The UN Security Council has unanimously approved new sanctions on North Korea in a watered-down resolution without an oil import ban or international asset freeze on the government and leader Kim Jong Un that the Trump administration wanted.
The resolution does ban North Korea from importing all natural gas liquids and condensates. But it only caps Pyongyang’s imports of crude oil at the level of the last 12 months, and it limits the import of refined petroleum products to two million barrels a year.
It also bans all textile exports and prohibits all countries from authorising new work permits for North Korean workers – two key sources of hard currency.
The watered-down resolution does not include sanctions that the US wanted on North Korea’s national airline and the army.
Nonetheless, US ambassador Nikki Haley told the council after the vote that “these are by far the strongest measures ever imposed on North Korea”.

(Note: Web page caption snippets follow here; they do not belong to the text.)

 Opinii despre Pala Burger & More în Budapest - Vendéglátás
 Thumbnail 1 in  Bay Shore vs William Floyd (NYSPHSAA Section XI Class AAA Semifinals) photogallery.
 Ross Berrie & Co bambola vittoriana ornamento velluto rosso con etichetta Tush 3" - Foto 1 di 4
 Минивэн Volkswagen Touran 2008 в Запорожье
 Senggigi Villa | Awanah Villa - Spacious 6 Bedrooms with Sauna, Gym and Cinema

But she stressed that “these steps only work if all nations implement them completely and aggressively”.
Haley noted the council was meeting on the 16th anniversary of the 9/11 terrorist attack.

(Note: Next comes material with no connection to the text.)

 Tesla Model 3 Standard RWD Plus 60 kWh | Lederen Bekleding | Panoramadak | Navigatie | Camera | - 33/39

In a clear message to North Korean threats to attack the US, she said: “We will never forget the lesson that those who have evil intentions must be confronted.

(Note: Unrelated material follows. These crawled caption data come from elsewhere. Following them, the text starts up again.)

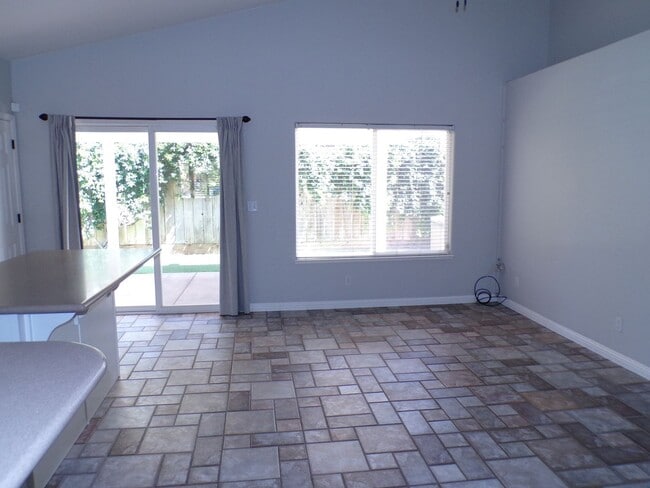 Photo - Beautiful East Modesto Home located in Sylvan School District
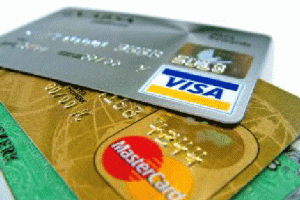 ¿Necesita efectivo? Procure no retirarlo de una tarjeta de crédito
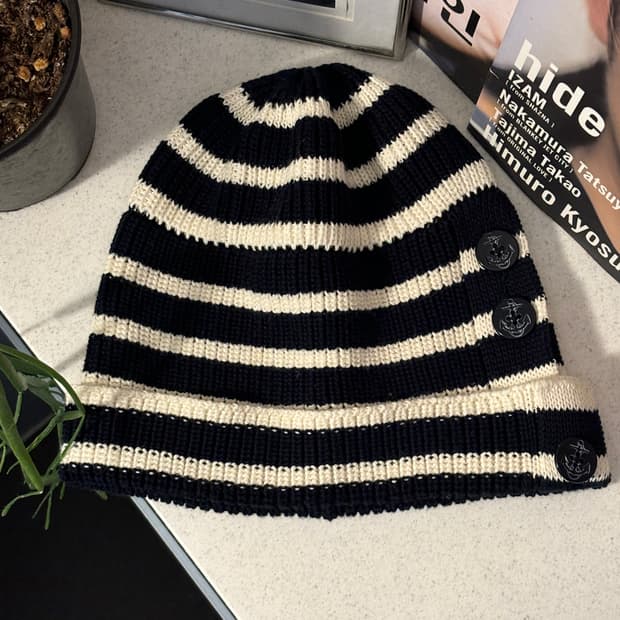 Ca4la 마린 버튼 스트라이프 비니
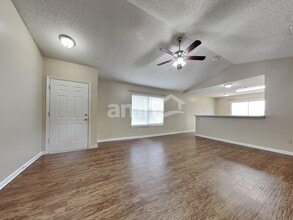 96015 Sunfish Ln in Yulee, FL - Foto de edificio - Building Photo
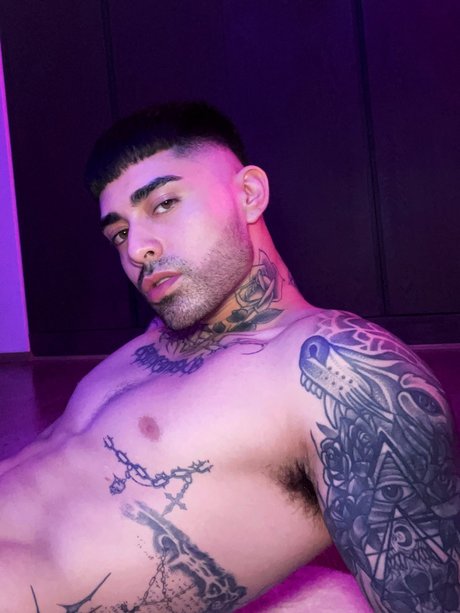 schwarze shemale-onlyfans hübsche nackt bilder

“Today we are saying the world will never accept a nuclear armed North Korea,” she added.
The final agreement was reached after negotiations between the US and China, the North’s ally and major trading partner.
Haley said the resolution never would have happened without the “strong relationship” between President Donald Trump and Chinese President Xi Jinping.
But its provisions are a significant climbdown from the very tough sanctions the Trump administration proposed last Tuesday, especially on oil, where a complete ban could have crippled North Korea’s economy.
Britain’s UN ambassador Matthew Rycroft told reporters who questioned the watering down of the initial US text that “there is a significant prize in keeping the whole of the Security Council united”.
Rycroft called the resolution “a very significant set of additional sanctions,” declaring that “we are tightening the screw, and we stand prepared to tighten it further”.
UN Secretary-General Antonio Guterres welcomed the council’s “firm action” to send a clear message to North Korea that it must comply with its international obligations, UN spokesman Stephane Dujarric said.
Guterres also reaffirmed his commitment to work with all parties to reduce tensions and promote a peaceful political solution “and to strengthening communications channels,” Dujarric said.